The Hoffer’s marriage announcement in a Kansas newspaper [married last Thursday night at the home of the bride] indicates they married in 1894, not 1893. [The Tiller and Toiler, Larned, Kansas, 28 Dec 1894, p.4, Personal Matters; digital image by subscription, Newspapers.com, viewed 2 May 2019.]
Coxey’s Army [mentioned in his obituary] was a protest march by unemployed workers from the United States, led by Ohio businessman Jacob Coxey. They marched on Washington, D.C. in 1894, the second year of a four-year economic depression that was the worst in United States history to that time. [Wikipedia] Hoffer did seem to be very interested in politics.
It is interesting to read about the Willshire Cigar Company and to see Willshire’s canning factory also mentioned.

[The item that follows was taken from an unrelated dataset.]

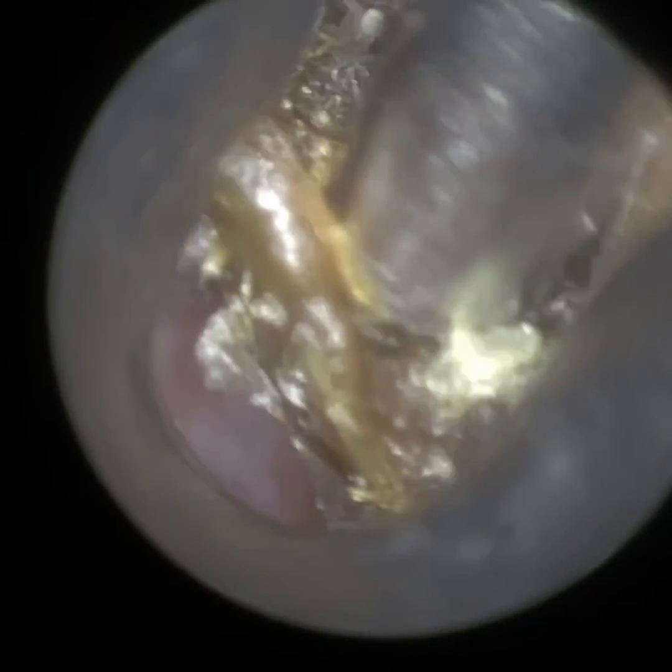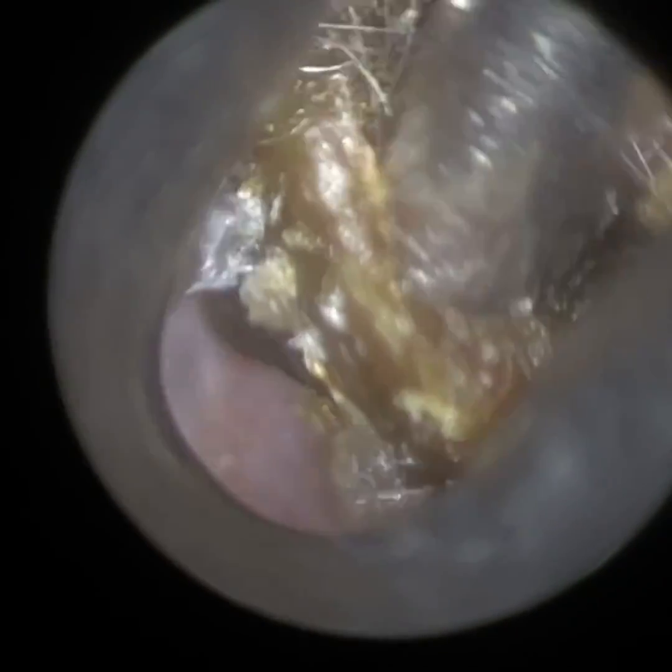So we have a patient here who presented with a really large, hard ball of dry earwax and they have a very narrow ear canal. So I'm using our smallest specular on the Waxscope here, which is a 3.5mm.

Hoffer’s obituary, from the Willshire Herald, is on microfilm at the Brumback Library in Van Wert. Since my last visit there they have acquired a new digital microfilm reader. It is quite nice and is user friendly, after the helpful staff at the library showed me how to use it. I particularly like the automatic focus and the sharp image it produces. Also nice is the tall monitor, which is perfect for reading newspaper images. It has several zoom features and many other features that I have not used yet, but I will be using it more in the future. I took digital photos of the images with my pocket camera, but you can also print a copy of the image on paper. I prefer to use my camera, one reason is that I simply do not need any more papers around here. Digital is also easier to store and magnify on my laptop.
Wouldn’t Mr. Hoffer be amazed with today’s technology and means to share the news. I am sure he would be delighted to see that so many people enjoy reading and searching through old newspapers today.
Wouldn’t he be proud to know that the newspaper he once published and labored over and loved is still read and shared today, just in a very different format.